Scholars say the decolonization of medicine requires more than acknowledging past wrongs. It demands fundamental institutional transformation, like shifting decision-making authority to those most affected by TB, prioritizing funding for locally-identified needs rather than donor agendas, and recognizing expertise in the Global South (rather than marginalizing it in favor of foreign consultants). Medical associations like the American Medical Association have begun addressing their historical roles in establishing racist medical structures through formal apologies and structural changes. But experts emphasize that transformative change must extend beyond symbolic gestures to include rebuilding systems from the ground up.
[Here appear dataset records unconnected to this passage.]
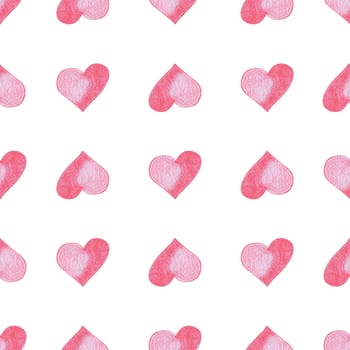 Seamless Pattern with Hearts. Hand Drawn Valentines Background. Red Hearts on White Background. Digital Paper Drawn by Colored Pencils.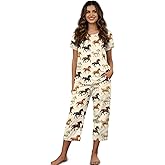 Yatixapu Women's Pajama Set Short Sleeve Tops and Capri Pants Sleepwear 2 Piece Pjs Sets with Pockets Plus Size Lounge Sets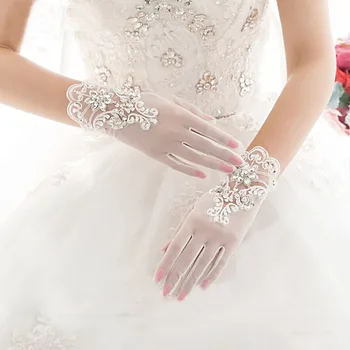 2018 Naujų Korėjos Stiliaus Paprasta Elegancija, Trumpas Vestuvių Pirštinės Duobute Nuotaka Balta Nėrinių Vestuvių Priedai Pirštų Riešo Ilgis
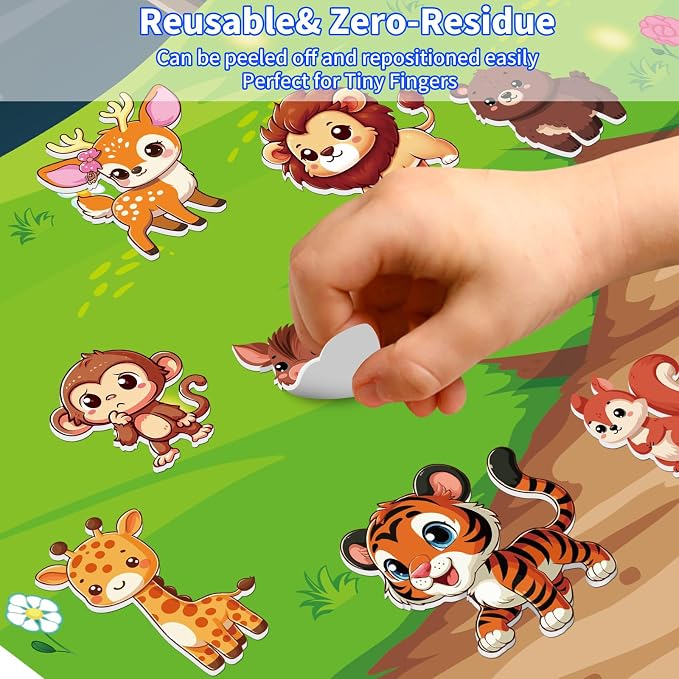 Kalysky 6 Set (260pcs) Reusable Sticker Books for Toddlers 1-3 2-4, Kids 3D Puffy Stickers (Dinosaurs, Forest, Town, Pets, Construction, Insects), Sticker Activity Books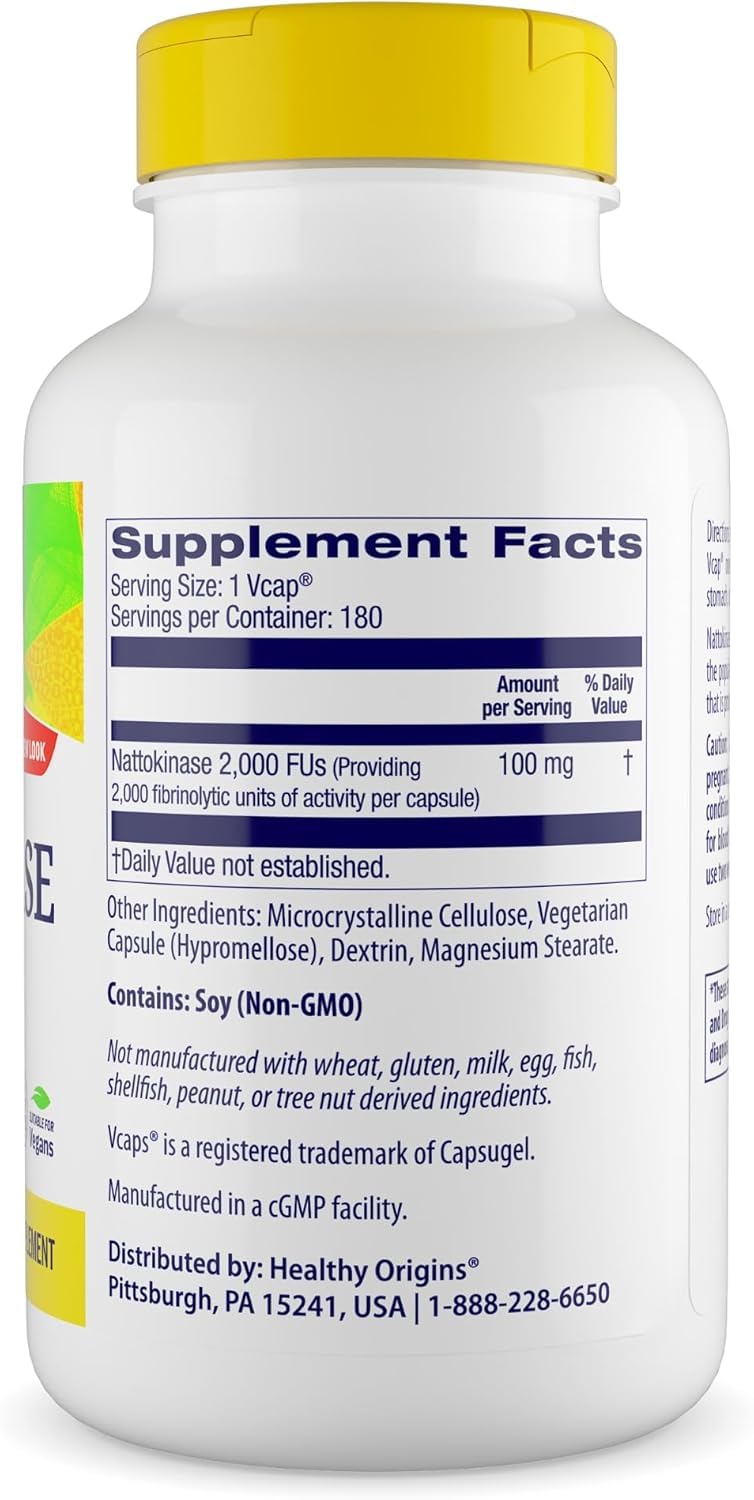 Healthy Origins nattokinase capsules closeup highlighting convenient daily supplement use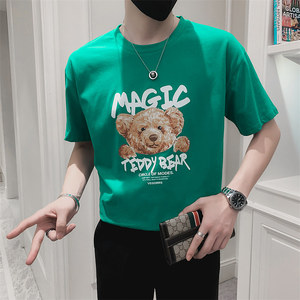 精神小伙夏季短袖圆领T恤青少年卡通趣味印花t恤男C203-8824-P38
How Can We End Tuberculosis?

Green outlines a comprehensive approach to ending the TB epidemic, combining medical innovations, social changes, policy adjustments, and individual advocacy. No single strategy will work in isolation—we need action on all fronts.

Medical Approaches: Improve Diagnosis, Treatment, and Prevention

While medicine alone can’t solve the TB crisis, Green highlights several medical advances that could dramatically reduce TB’s toll while we address deeper social issues:

1) Better diagnostic tools. Green describes newer technologies like GeneXpert that can diagnose TB and detect drug resistance in hours, not the weeks required by traditional methods. These tools remain out of reach in many high-burden areas due to cost and infrastructure limitations. Green advocates reduced pricing and versions adapted for resource-limited settings so these life-saving diagnostics can reach those who need them most.

2) Treatment innovations for drug-resistant TB cases. Green spotlights newer medications like bedaquiline that can treat stubborn TB strains that don’t respond to standard antibiotics. He shares how he took on pharmaceutical giant Johnson & Johnson, criticizing their high prices and restrictive patents on bedaquiline. This public pressure campaign succeeded—the company agreed to allow generic manufacturing, slashing the daily treatment cost from $1.50 to $0.50.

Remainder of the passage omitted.